Böhmermann verliert Eilverfahren im „Honig-Streit“
Jan Böhmermanns gerichtlicher Streit mit dem Imker Rico Heinzig wegen Verletzung seines Persönlichkeitsrechts ging auch in der zweiten Runde an den Imker.
Dieser hatte Böhmermanns Namen und dessen Bild benutzt, um eine bestimmte Sorte seines Honigs anzupreisen, ohne den Moderator davon in Kenntnis zu setzen. Böhmermann wollte sich dies nicht gefallen lassen, übersandte eine Unterlassungsaufforderung und beantragte den Erlass einer einstweiligen Verfügung.
Konkret bewarb der Imker auf seiner Internetseite den dort zu kaufenden „beewashing Honey“ als „Böhmermann-Honig“. Außerdem nutzte er einen Aufsteller mit dem Bildnis Böhmermanns in Kombination mit einer Abbildung seines Honigs an einem Verkaufsstand in einem Dresdner Supermarkt.

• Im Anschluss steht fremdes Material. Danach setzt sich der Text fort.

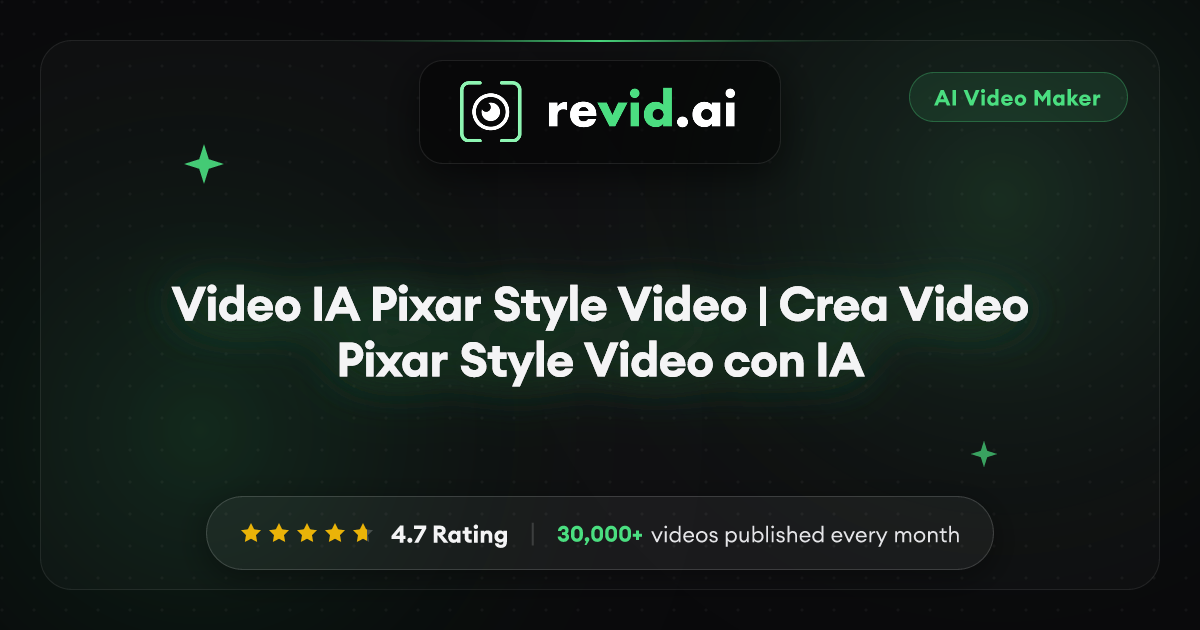 Video IA Pixar Style Video | Crea Video Pixar Style Video con IA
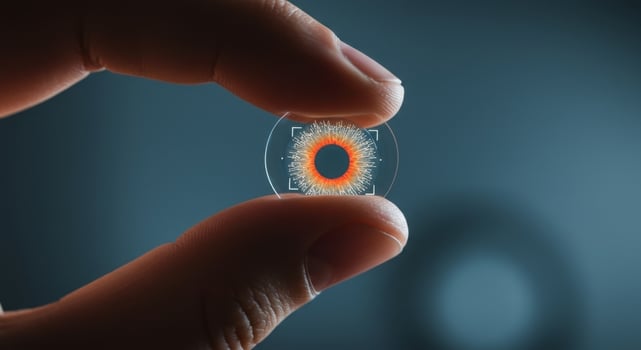 Hand Holding Futuristic Contact Lens with Digital Eye Design, Technology, and Vision Care Concept photo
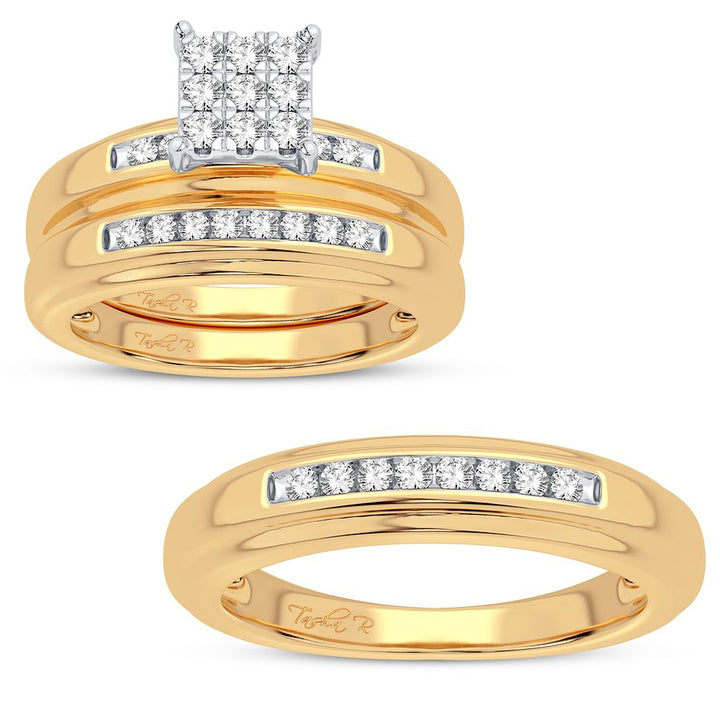 10k Yellow Gold 0.50CT Lab Diamond Womens Trio Wedding Ring Set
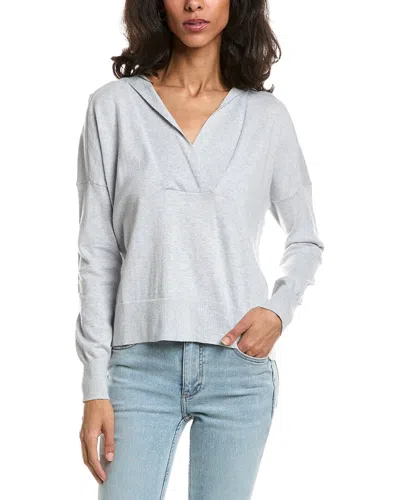 Forte Crop Crossover Cashmere-blend Hoodie In Gray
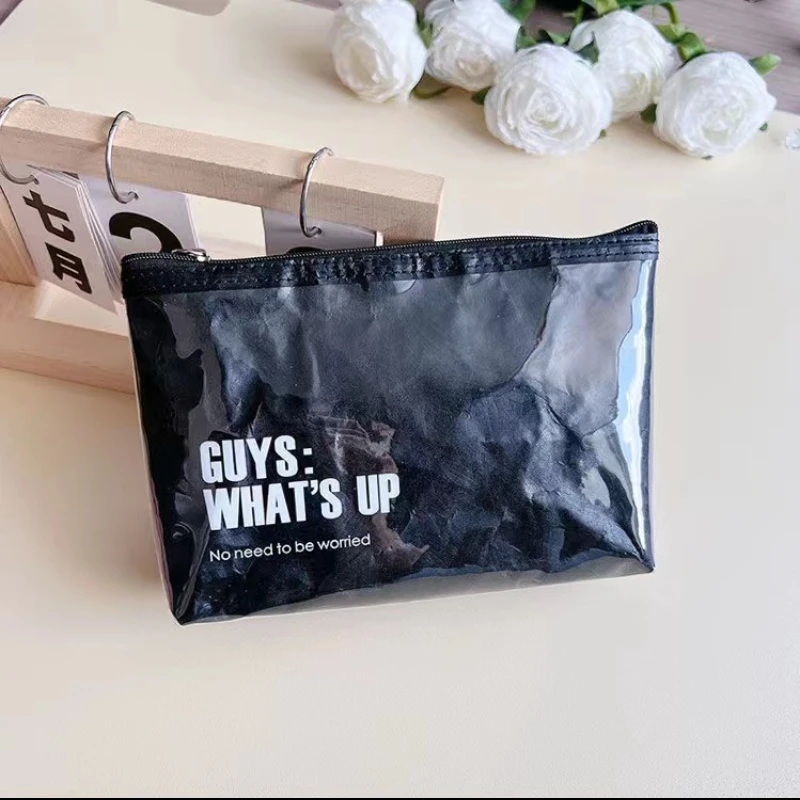 1pc Retro Light Luxury Kraft Paper Ins Large Capacity Portable Pen Bag Student Stainproof Waterproof Pen Bag Storage Stationery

Zusätzlich zierte die Aufschrift „führender Bienen- und Käferexperte empfiehlt“ den Aufsteller.
Hintergrund dieser zwei Kampagnen war ein Beitrag in der Show des TV-Moderators im November 2023 über das sogenannte „Beewashing“. Dort kritisierte er, dass Imkereien Bienenstöcke an Unternehmen vermieten, damit diese sich selbst als umweltfreundlich und nachhaltig darstellen können, laut Böhmermann ist das ein Sonderfall des „Greenwashings“. Im Rahmen der Sendung wurde unter anderem auch die Imkerei des Herrn Heinzig genannt und dessen Bild gezeigt – ebenfalls ungefragt.
Nunmehr hatte das Oberlandesgericht über das Eilverfahren in zweiter Instanz zu entscheiden. Bereits das Landgericht Dresden hatte in der Sache dem Imker Recht gegeben. Das Gericht sah keine Ansprüche auf Unterlassung wegen Verletzung des Rechts am eigenen Namen und des Rechts am eigenen Bild gegeben. Das Oberlandesgericht bestätigte diese Bewertung.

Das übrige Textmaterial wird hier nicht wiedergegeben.